## [Collected data]
----

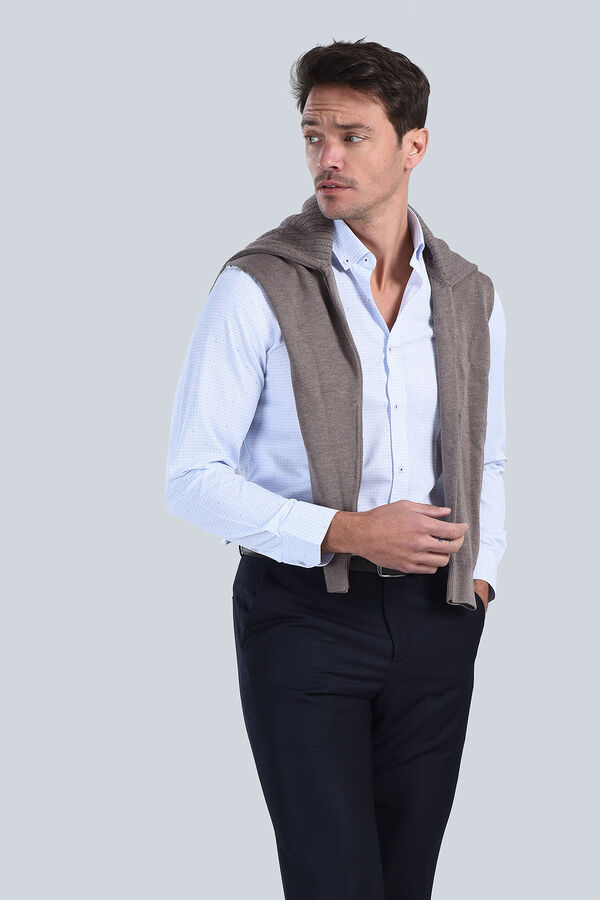 Erkek Mavi Slim Fit Gömlek - 5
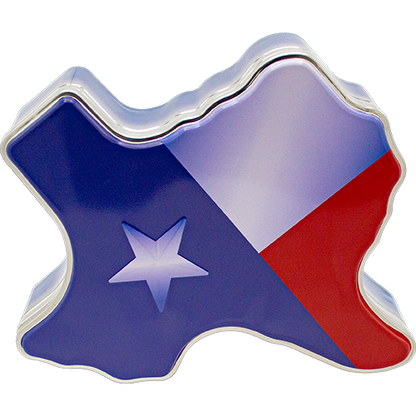 Texas Shaped Can - Flag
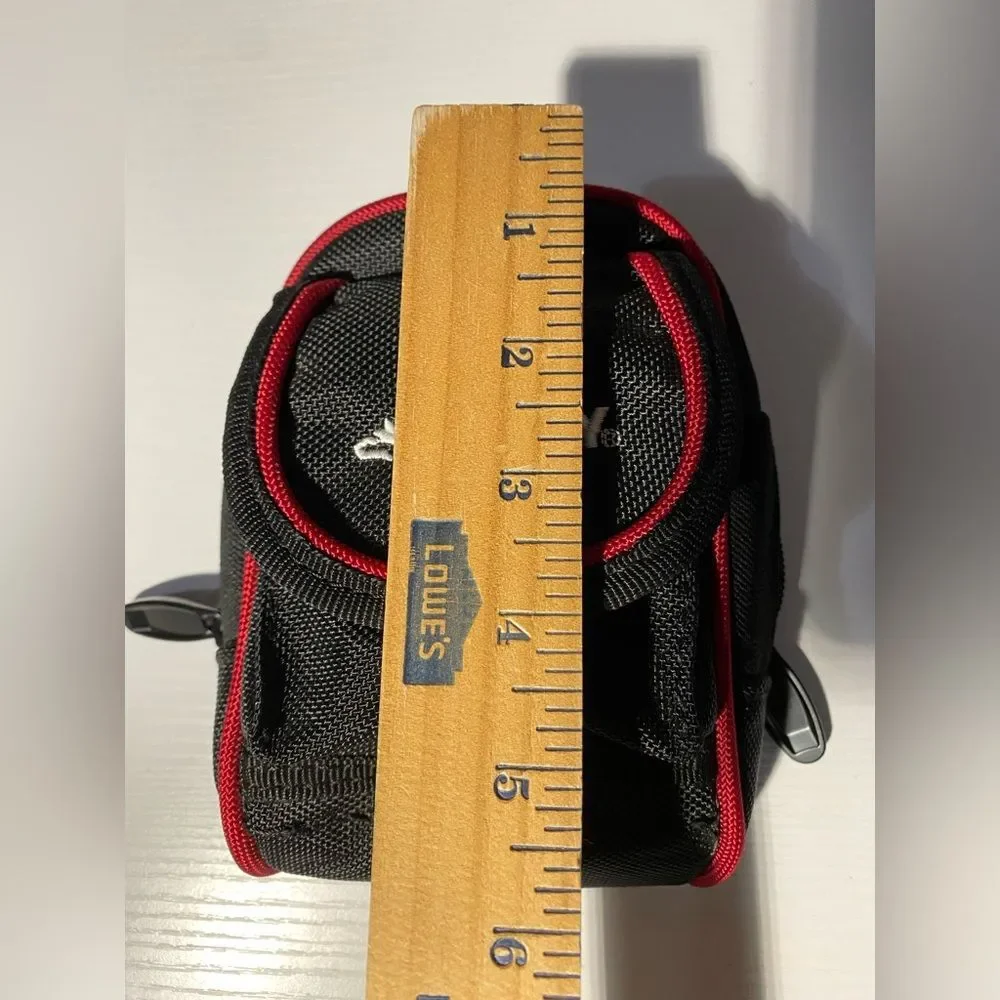 Husky Small Tool Pouch Belt Clip Utility Bag Black & Red Padded Work Case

----

Copy out the listing exactly as it stands, but not the pictures.

 Erkek Mavi Slim Fit Gömlek - 5
 Texas Shaped Can - Flag
 Husky Small Tool Pouch Belt Clip Utility Bag Black & Red Padded Work Case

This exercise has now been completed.